We believe the Episcopal Church must update its marriage rites and
marriage canons to recognize same-gender marriages, civil unions,
and domestic partnerships. As an interim measure, the Episcopal
Church could adopt supplemental liturgical materials that can be
used to bless committed, faithful, same-gender relationships that
may or may not be legal recognized by the state.
As for what specific legislation we'll be supporting at General
Convention in July, the answer is the same as the one above on B033:
The legislation that will pass.
Don’t we need do more theological work around blessing same-sex
relationships?
Actually, what we need more of is attention to the theological work
that has already been done around blessings same-sex relationships.
Theological work is always a good thing--but to continue to hold
hostage a percentage of the sacraments from a percentage of the
baptized while we "do more" theology is both unjust and unnecessary.
Or, as Michael Hopkins wrote in the 2002 Claiming the Blessing
Theology Statement: "...is pastorally irresponsible and
theologically unnecessary."
As Ed Bacon, the rector of All Saints Church in Pasadena famously
said, "I'm so glad Mary didn't wait for the formulation of a
Doctrine of the Incarnation before she said 'Yes' to God."
Why should the Episcopal Church take a stand on civil marriage
equality?
The Episcopal Church has ALREADY taken a stand on civil marriage
equality.
The explanation for Resolution A095 (passed at GC 2006), we said,
"For at least thirty years, and even as debate about the role of gay
and lesbian people within the Church has continued, successive
General Conventions have recognized the equal claim of gay and
lesbian persons to the civil rights enjoyed by all other persons. In
1994, General Convention (1994-D006) called on all levels of
government to support legislation giving same-sex couples the same
legal protections as non-same-sex married couples. In light of
recent legislative actions in several states, and a proposed federal
constitutional amendment, an affirmation of the Episcopal Church's
support for equal rights is warranted.
Why do we need to update the marriage rites in the Book of Common
Prayer? Why do we need to update the marriage canons?

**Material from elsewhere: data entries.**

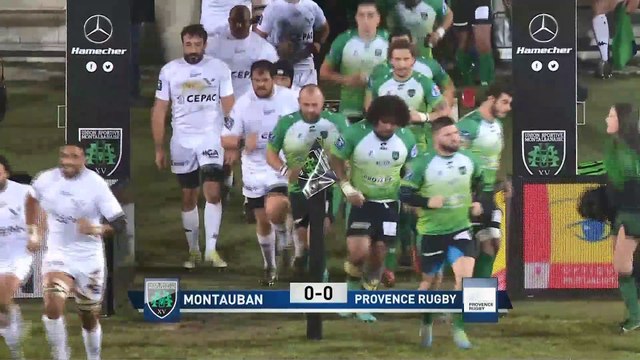 Résumé Montauban – Provence Rugby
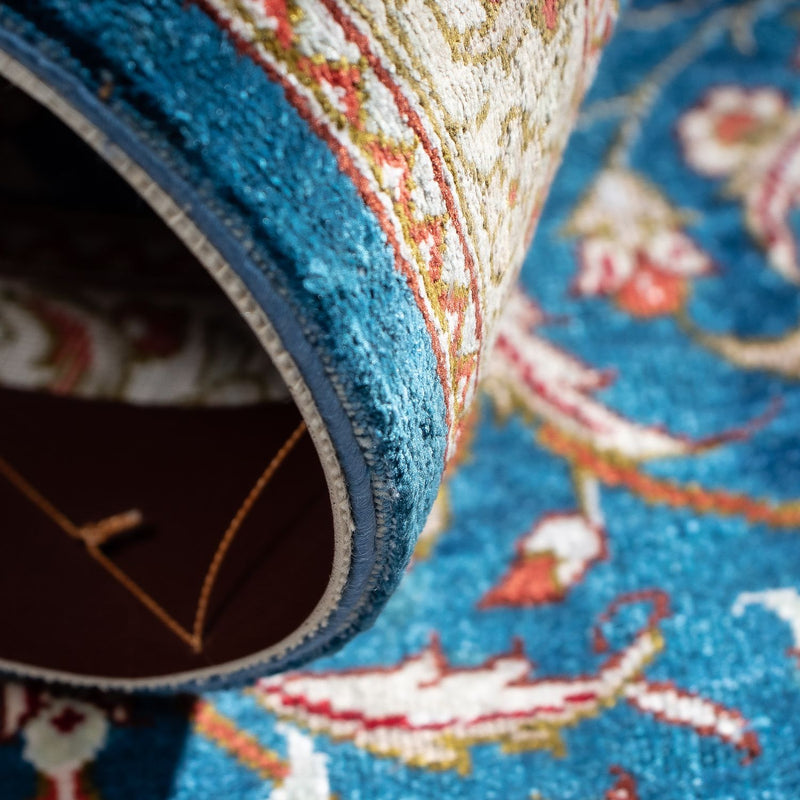 Perser Rug - Ghom - 92 x 57 cm - dark blue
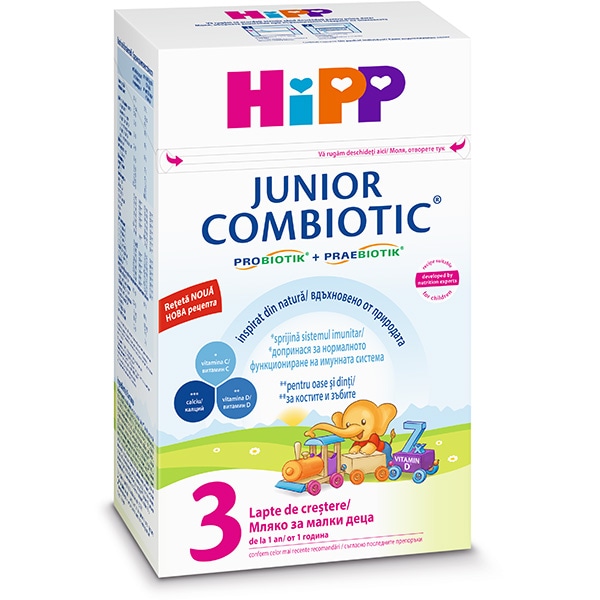 Lapte Praf Hipp Junior Combiotic 3 1340 12 Luni 500g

There was a time when the ordination rites in the Book of Common
Prayer and our canons on ordination needed to be updated to reflect
the reality that those being ordained as deacons, priests and
bishops in this church were no longer exclusively male. As we live
into the pastoral reality that in many jurisdictions, parish members
entering into civil marriage are no longer exclusively opposite sex
couples, our rites need to be adjusted to reflect the reality in
order to allow us to provide appropriate pastoral care for ALL
members of the Episcopal Church.
Isn't the present approach--some bishops in some dioceses
allowing blessings as a pastoral practice--good enough? Why not
continue with "local option"?
Integrity believes that separate is inherently unequal and "allowing
blessings as pastoral practice" rather than celebrating the full
inclusion of the LGBT faithful in the Body of Christ falls short of
our baptismal promises to strive for peace and justice and to
respect the dignity of every human being. We are a people of "common
prayer" and we are asking for rites for blessing that we hold in
common with the whole church because we want live our lives in the
center of the tradition we love and claim as our own--not on the
fringes or in the closet.
Why do we need a supplemental liturgical rite for blessing
same-gender relationships?
We recognize that the journey to full inclusion is a long one and we
also believe that justice delayed is justice denied. Approving
supplemental liturgical rites for blessings while the church
continues to work through its theology of marriage will offer a
pastoral step forward for those couples still waiting for the
church’s blessing for their already-blessed-by-God relationships. It
will also send a signal that we ARE moving forward toward full
inclusion – even when that movement is slower than we might like.